Geographically weighted regression random forest for modeling soil particles

Authors

  • Atiek Iriany
    Department of Statistics, Faculty of Mathematics and Natural Science, Brawijaya University, Malang, 65144, Indonesia
  • Wigbertus Ngabu
    Mathematics Education Study Program, University of Riau, Pekanbaru, 28293, Indonesia
    https://orcid.org/0000-0002-7153-7310
  • Henny Pramoedyo
    Department of Statistics, Faculty of Mathematics and Natural Science, Brawijaya University, Malang, 65144, Indonesia
  • Amarifai
    Department of Statistics, Faculty of Mathematics and Natural Science, Brawijaya University, Malang, 65144, Indonesia

Keywords:

Clay particles, GWR, GWRRF, Hybrid model, Random forest

Abstract

Clay particles play a vital role in determining soil quality, particularly in the fields of agriculture and conservation.

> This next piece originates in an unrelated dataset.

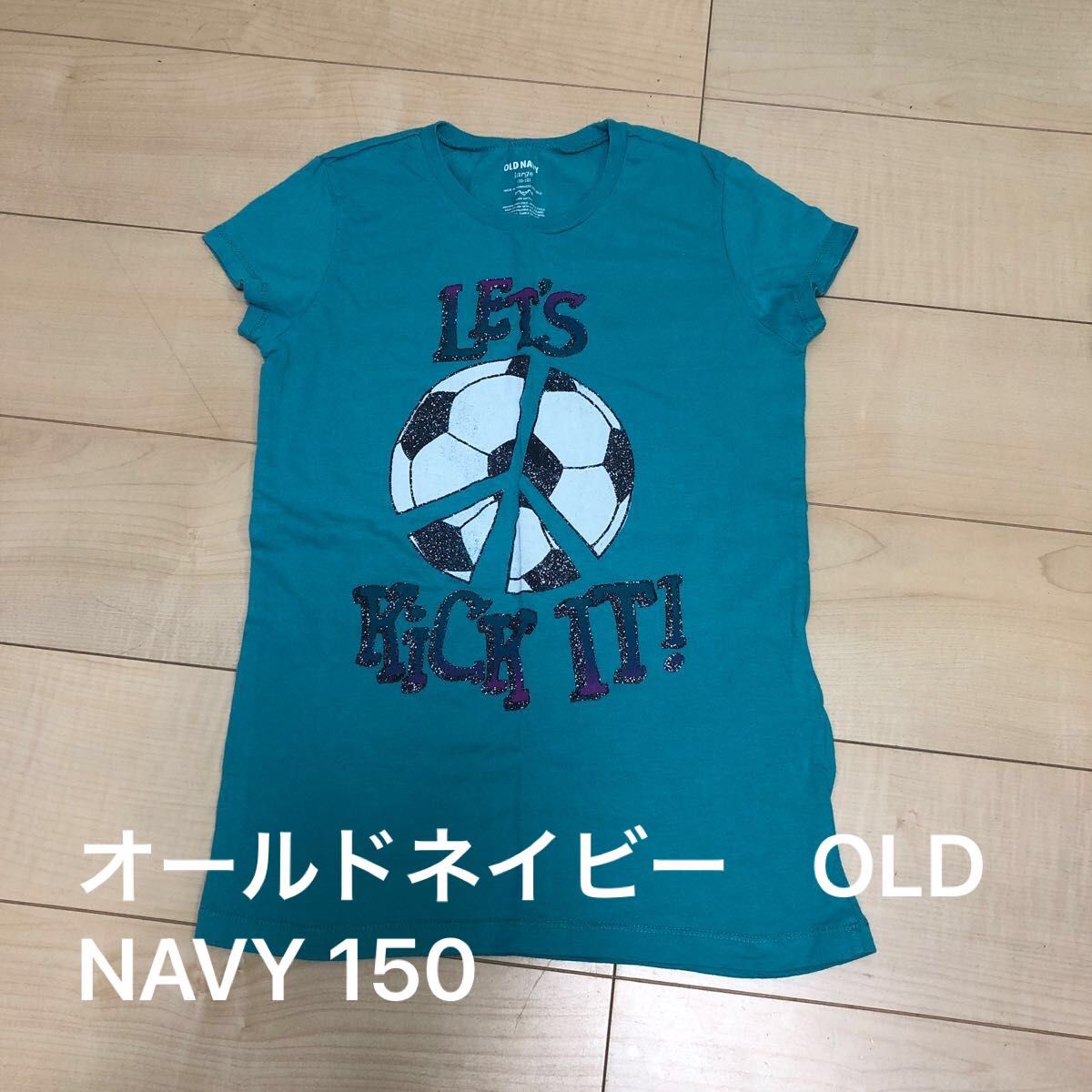 オールドネイビー　OLD NAVY サッカーボール　Tシャツ　ラメ　キッズ150 半袖Tシャツ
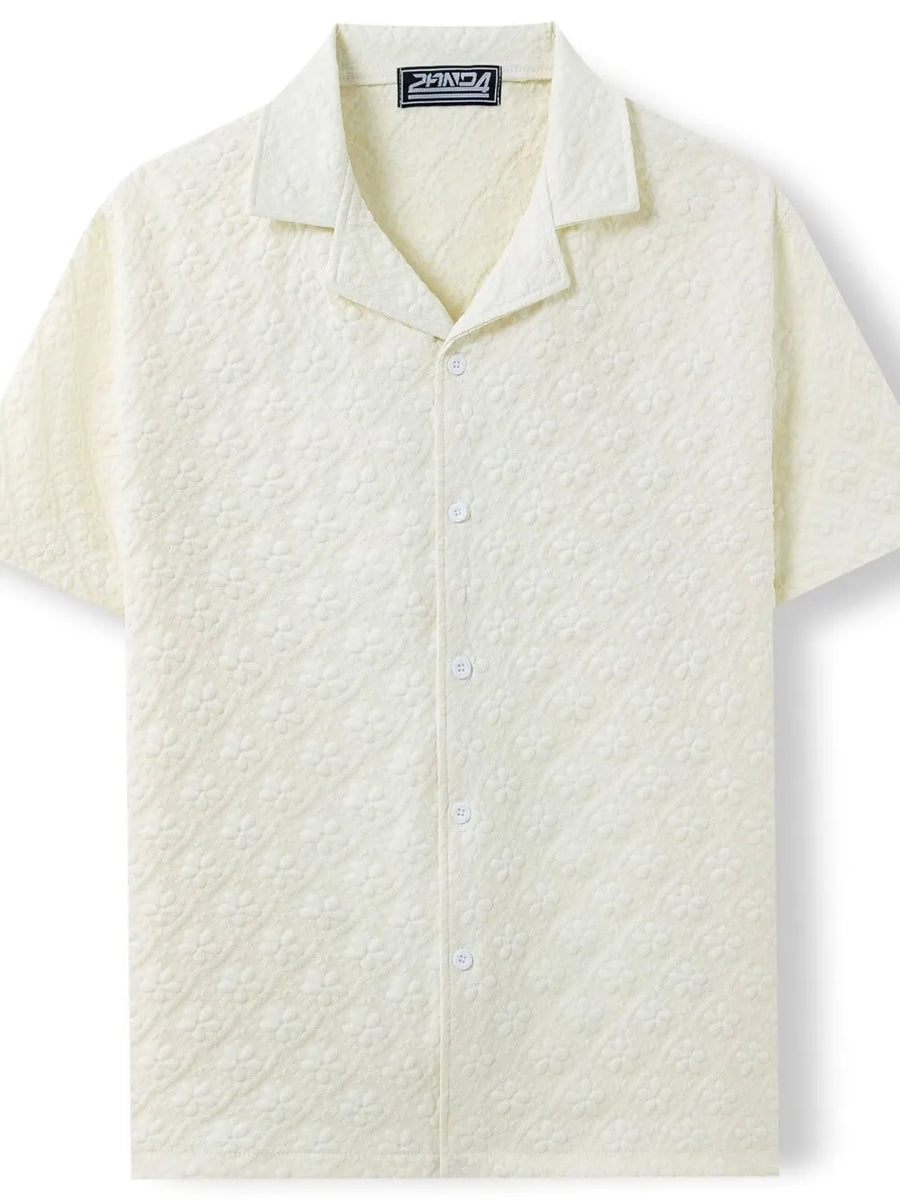 Ivory embossed floral camp collar shirt with short sleeves and button front.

However, the complex and non-linear spatial distribution of clay particles is difficult to capture using conventional modeling methods. This study aims to develop a hybrid model, Geographically Weighted Regression Random Forest (GWRRF), which combines the ability of Geographically Weighted Regression (GWR) to capture spatial heterogeneity and the strength of Random Forest (RF) in handling non-linear relationships. The data used in this study were derived from soil texture and local morphologic analysis across 50 observation points in the Kalikonto watershed. The results show that the GWRRF model provides more accurate predictions of clay particle content than the GWR model, with an R² value of 0.735 and a lower RMSE. In contrast, the GWR model achieved an R² value of 0.575. The integration of both methods in GWRRF offers a novel, adaptive, and context-aware approach to understanding the distribution of clay particles, contributing to more precise and sustainable data-driven land management.

Dimensions

[1] K. Yin, A. Fauchille, E. Di Filippo, P. Kotronis & G. Sciarra, “A review of sand-clay mixture and soil-structure interface direct shear test”, Geotechnics 1 (2021) 260. https://doi.org/10.3390/geotechnics1020014.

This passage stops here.